An executive who does business throughout Asia once told me “India is the only large Asian country where the infrastructure from when you land to your hotel has not improved in the last two decades”. A US CIO recently told me it is tough to get his staff psyched about visiting their India locations. In comparison, he gets volunteers for Philippines and China.
This is a huge, sore subject for the Indian offshore executive community. They keep imploring Indian politicians for improved physical infrastructure - and for expanded educational infrastructure as wage inflation grows.
The Indian software industry has done fine to date without the politicians. India had some of the poorest telecommunications a decade ago – all the major Indian firms invested in their own massive private networks.
They need to similarly reach out to peers in western and Indian construction companies like Bechtel and L&T and airlines like BA and Jet Air and work with them on infrastructure and “free skies” issues. An Indian firm, Mastek did a show case project helping the city of London with its traffic congestion problems.
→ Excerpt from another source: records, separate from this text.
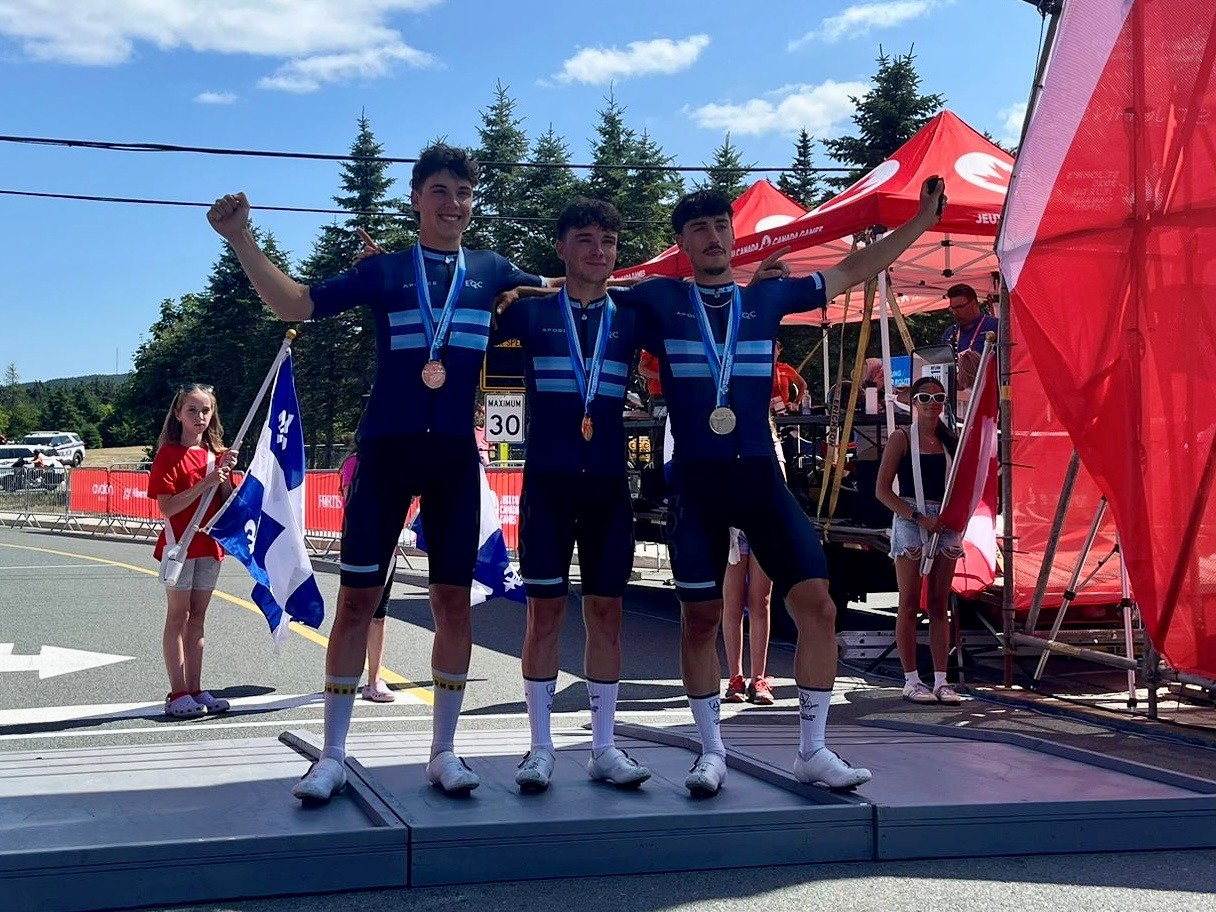 L’or, l’argent, le bronze ! Équipe Québec s’est retrouvée sur les trois marches du podium de la course sur route masculine grâce à Gabriel Séguin (au centre), Jonathan Hinse et Jacob Roy d’Amos (à gauche). 

Crédit Photo :Photo gracieuseté – Bruno Vachon 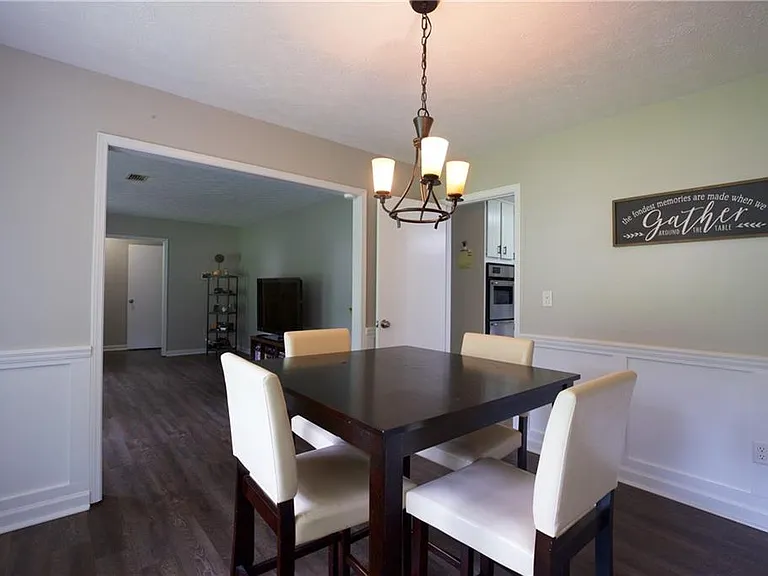 3328 Mountain Hollow Dr — Photo 8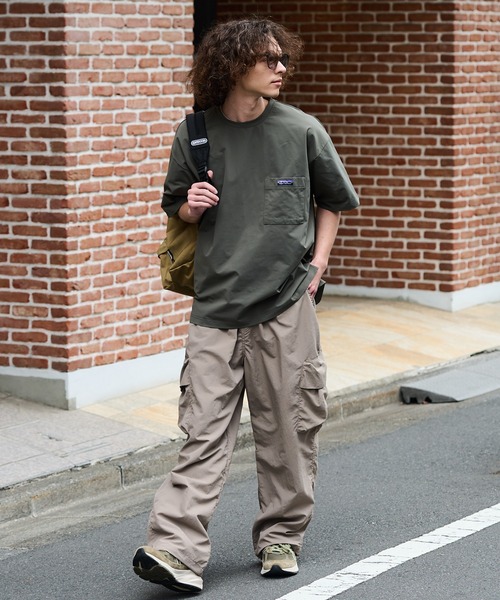 ragged mountain(ラギットマウンテン)の「【RAGGED MOUNTAIN/ラギットマウンテン】【驚きの軽さ・エアライト】BARTLETT/バートレット オーバーサイズ ポケットTシャツ ストレッチ・速乾 涼しい・ベタつかない 吸汗(Tシャツ/カットソー・メンズ・ブラック/チャコールグレー/カーキ/ネイビー・X-LARGE/MEDIUM/LARGE)」の21枚目の写真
Time for Indian vendors to do their own part with India’s infrastructure - but with private sector solutions.
On education, I think Indian firms have been too “choosy” – there is a plethora of talent, which can be mined with training investment. I would like to suggest India’s growing staff shortages and wage inflation are self-inflicted –and at least some of the blame must go to the excellent Indian Institutes of Technology graduates who run most of India’s firms. In their desire to hire “clones” - only the top engineering talent, they have not invested enough in recruiting and developing talent from secondary educational institutions. Andersen Consulting (Accenture) in the 1980s developed a U.S staff development infrastructure that turned thousands of business, arts and other graduates into very disciplined technical resources. Indian firms need to similarly mine a broader talent pool. They are doing so for BPO offerings and need to for their IT practices as well.
Given their intense interest in (and rivalry with) China, I suspect the infrastructure they see around the 2008 Olympics in Beijing will jar the Indian politicians in to action.
Till then, the Indian IT industry needs to continue that relationship of “benign neglect” with the politicians. Do not expect them to deliver much, instead just plead them not to screw up things.